À partir de 1997, l’identification de cette protéine avec la transglutaminase tissulaire par Schuppan permet le développement de nouveaux tests sérologiques.
Des dépistages sérologiques systématiques à partir de 1996 révèlent la prévalence élevée des formes peu symptomatiques et atypiques jusque là méconnues.
– 1990 : découverte par L. Sollid de la liaison génétique aux molécules HLA-DQ2 puis démonstration en 1994 de leur rôle dans l’activation des lymphocytes T intestinaux par les peptides du gluten.
– 2003: démonstration du rôle du facteur soluble Interleukine 15 dans l’activation des lymphocytes intestinaux et la survenue des complications malignes rares.
Défis actuels de la recherche
- Poursuivre l’étude du spectre clinique, de la prévalence de la maladie et des facteurs contrôlant l’apparition des symptômes.
- Définir les risques de complications chez les patients ayant une maladie cœliaque cliniquement silencieuse en l’absence de traitement. Les études actuelles indiquent que ces patients sont à risque de développer une ostéoporose. Il reste à montrer le bénéfice réel du régime sans gluten pour ces patients.
- Apporter des solutions alternatives au régime sans gluten fondées sur une meilleure connaissance de la physiopathogénie.
Le régime sans gluten, sans risque, est très efficace mais serait mal suivi par plus de 50 % des patients français qui sont très demandeurs d’un traitement alternatif.
Il est donc nécessaire de mieux comprendre l’activation du système immunitaire par les peptides du gluten.
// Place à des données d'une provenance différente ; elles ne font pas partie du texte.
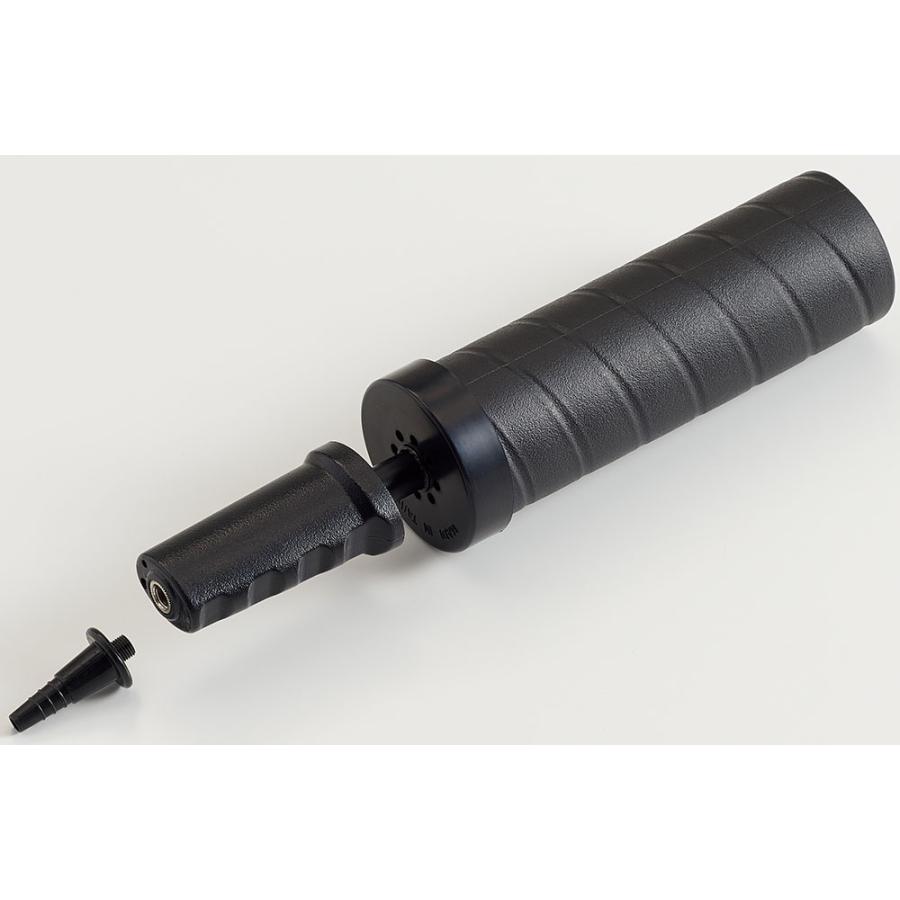 ダンノ空気入れ送料込み Amazon | ダンノ(DANNO) 空気入れ ハイパワーポンプ D32 幅24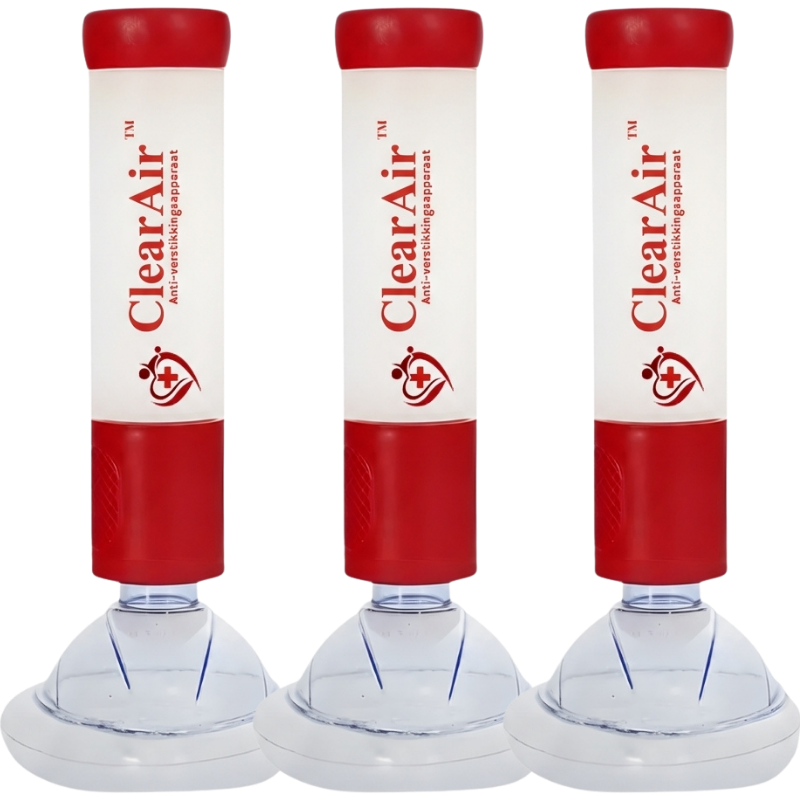 ClearAir™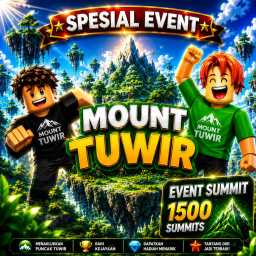 🌿[FREE AVA + X1500] TUWIR Mountain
De telles études permettront à terme de proposer des agents antagonistes capables de bloquer cette activation. La création de modèles animaux sera nécessaire pour obtenir une première validation de ces traitements.
La description récente par S. Khosla d’enzymes capables de digérer le gluten et d’assurer sa détoxification dans le tractus gastro-intestinal fournit une première piste thérapeutique très attractive.
Le développement en cours d’enzymes de plus en plus efficaces est encourageant et devrait conduire prochainement à des essais cliniques.
La recherche d’un traitement efficace pour les formes rares de maladie cœliaque résistantes au régime sans gluten est également un défi des prochaines années. Les études fondamentales actuelles suggèrent plusieurs pistes consistant notamment à bloquer l’action intestinale de l’IL-15 chez ces patients.